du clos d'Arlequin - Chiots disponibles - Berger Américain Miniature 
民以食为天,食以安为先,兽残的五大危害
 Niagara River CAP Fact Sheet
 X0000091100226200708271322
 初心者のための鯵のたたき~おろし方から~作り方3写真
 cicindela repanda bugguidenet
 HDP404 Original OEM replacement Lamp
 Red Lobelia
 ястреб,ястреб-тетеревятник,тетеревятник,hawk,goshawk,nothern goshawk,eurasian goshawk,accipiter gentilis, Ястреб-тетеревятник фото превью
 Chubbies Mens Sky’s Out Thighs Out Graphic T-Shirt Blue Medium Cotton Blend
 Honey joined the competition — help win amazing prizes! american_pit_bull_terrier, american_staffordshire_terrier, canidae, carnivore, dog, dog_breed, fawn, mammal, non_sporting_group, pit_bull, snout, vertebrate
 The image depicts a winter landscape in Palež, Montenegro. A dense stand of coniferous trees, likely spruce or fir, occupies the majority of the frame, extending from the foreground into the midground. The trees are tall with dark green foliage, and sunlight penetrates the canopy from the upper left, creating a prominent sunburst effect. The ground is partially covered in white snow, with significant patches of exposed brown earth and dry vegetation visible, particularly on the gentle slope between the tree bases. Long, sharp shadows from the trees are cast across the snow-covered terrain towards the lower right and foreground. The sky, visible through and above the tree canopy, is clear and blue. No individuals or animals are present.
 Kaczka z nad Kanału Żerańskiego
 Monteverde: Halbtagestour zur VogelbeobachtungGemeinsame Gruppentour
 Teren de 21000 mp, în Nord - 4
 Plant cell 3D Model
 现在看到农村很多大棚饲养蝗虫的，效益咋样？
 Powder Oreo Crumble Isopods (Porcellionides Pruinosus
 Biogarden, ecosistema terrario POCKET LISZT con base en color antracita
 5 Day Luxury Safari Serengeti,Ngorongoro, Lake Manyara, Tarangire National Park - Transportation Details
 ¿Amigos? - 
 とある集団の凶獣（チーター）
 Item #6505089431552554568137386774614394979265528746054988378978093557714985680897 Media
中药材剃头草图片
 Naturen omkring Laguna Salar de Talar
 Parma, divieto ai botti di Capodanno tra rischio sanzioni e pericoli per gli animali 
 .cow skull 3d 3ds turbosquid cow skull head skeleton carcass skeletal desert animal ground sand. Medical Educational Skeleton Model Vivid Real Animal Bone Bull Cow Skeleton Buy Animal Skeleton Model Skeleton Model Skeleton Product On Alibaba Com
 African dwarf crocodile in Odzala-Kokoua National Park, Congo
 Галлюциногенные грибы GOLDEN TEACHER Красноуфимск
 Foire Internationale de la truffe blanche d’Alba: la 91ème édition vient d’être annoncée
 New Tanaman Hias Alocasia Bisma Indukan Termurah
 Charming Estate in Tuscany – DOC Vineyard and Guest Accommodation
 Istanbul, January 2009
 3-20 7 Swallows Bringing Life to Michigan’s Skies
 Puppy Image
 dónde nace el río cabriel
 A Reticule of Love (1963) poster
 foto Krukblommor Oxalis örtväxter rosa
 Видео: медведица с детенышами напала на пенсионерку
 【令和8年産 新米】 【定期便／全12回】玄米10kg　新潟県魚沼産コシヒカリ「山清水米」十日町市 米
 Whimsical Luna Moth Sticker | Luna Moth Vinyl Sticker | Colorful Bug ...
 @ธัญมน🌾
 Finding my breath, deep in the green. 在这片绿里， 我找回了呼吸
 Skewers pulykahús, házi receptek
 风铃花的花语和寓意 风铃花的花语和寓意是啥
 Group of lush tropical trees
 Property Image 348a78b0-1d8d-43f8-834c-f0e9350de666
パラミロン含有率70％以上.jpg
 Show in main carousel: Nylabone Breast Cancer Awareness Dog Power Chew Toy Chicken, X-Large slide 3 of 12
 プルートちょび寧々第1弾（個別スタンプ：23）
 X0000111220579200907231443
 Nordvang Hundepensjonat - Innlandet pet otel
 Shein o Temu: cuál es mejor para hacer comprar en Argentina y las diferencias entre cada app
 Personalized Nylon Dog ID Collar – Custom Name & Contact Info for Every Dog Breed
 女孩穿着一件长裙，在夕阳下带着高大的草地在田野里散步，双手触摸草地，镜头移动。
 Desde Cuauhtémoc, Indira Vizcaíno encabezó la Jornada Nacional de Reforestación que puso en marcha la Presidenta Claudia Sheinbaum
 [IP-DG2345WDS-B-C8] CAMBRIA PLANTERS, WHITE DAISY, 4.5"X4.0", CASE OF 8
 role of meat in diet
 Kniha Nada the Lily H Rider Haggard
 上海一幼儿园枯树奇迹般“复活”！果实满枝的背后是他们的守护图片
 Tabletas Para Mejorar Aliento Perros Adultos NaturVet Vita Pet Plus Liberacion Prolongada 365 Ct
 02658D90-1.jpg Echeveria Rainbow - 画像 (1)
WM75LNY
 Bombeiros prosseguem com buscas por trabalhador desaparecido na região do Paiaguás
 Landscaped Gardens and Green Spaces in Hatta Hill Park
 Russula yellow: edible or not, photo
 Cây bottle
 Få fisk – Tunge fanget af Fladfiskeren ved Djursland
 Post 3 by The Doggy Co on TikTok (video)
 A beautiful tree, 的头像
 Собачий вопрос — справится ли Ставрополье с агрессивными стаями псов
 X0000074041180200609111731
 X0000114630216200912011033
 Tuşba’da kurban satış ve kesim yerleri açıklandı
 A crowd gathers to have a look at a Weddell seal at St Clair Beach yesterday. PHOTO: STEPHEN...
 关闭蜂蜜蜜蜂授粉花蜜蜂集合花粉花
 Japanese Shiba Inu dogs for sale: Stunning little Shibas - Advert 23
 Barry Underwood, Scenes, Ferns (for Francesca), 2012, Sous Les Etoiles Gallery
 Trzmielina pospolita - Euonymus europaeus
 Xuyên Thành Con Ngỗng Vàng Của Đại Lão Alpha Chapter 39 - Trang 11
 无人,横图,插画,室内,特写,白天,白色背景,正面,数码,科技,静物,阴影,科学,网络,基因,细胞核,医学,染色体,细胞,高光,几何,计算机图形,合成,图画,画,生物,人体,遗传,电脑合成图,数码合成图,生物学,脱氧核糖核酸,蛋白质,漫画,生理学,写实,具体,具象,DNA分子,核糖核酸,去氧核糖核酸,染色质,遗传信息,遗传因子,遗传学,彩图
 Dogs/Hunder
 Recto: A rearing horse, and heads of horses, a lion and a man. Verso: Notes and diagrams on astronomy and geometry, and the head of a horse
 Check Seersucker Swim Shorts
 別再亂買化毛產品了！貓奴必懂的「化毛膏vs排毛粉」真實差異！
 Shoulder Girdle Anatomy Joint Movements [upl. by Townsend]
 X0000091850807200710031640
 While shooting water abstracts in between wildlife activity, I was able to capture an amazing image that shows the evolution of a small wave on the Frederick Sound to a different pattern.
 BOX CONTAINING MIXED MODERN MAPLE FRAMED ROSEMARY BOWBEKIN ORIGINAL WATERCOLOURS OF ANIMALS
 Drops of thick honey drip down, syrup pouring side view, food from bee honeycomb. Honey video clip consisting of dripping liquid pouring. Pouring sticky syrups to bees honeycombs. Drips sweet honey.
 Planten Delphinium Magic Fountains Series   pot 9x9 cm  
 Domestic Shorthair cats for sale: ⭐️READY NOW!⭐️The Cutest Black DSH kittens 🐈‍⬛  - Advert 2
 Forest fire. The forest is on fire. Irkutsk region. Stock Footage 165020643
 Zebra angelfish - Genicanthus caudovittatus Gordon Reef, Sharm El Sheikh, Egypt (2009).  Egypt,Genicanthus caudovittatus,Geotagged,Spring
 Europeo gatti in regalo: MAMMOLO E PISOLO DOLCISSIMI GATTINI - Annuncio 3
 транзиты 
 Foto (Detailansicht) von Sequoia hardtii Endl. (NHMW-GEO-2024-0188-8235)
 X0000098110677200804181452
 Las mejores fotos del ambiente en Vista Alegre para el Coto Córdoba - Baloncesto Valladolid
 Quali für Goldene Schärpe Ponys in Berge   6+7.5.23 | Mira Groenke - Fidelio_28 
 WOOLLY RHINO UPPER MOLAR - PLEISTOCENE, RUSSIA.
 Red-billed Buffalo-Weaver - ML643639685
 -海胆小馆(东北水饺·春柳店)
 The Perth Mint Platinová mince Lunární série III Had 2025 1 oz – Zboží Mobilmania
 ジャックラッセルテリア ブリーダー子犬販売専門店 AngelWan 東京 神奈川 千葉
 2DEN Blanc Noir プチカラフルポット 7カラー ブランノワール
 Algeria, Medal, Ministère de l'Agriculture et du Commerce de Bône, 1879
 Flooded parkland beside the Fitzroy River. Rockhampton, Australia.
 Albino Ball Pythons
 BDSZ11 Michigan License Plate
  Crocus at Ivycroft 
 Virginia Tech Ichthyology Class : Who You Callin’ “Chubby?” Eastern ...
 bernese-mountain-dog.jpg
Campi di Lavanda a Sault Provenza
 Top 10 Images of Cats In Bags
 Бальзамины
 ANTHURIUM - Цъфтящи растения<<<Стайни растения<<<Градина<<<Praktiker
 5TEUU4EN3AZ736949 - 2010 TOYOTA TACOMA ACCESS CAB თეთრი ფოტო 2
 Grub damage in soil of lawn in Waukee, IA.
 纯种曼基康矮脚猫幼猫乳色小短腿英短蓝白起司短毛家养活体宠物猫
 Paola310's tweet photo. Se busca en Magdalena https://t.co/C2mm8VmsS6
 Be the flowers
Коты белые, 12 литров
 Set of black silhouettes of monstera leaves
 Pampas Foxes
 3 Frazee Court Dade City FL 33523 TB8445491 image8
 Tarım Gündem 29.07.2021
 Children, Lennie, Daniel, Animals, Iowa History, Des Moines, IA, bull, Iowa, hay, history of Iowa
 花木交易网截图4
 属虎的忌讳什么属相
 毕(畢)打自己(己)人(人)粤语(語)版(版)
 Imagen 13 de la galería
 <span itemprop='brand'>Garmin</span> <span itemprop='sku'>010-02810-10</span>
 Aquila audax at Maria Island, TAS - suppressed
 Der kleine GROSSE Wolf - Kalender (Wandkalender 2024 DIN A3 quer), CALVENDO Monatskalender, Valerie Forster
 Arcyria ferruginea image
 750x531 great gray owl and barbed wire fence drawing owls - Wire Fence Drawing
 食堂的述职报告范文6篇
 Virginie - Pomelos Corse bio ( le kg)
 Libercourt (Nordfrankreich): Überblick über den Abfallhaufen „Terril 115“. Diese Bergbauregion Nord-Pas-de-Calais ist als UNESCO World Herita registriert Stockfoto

## Exercise
Answer with one number: how many lines in the listing hold "from".

## Solution to this exercise
2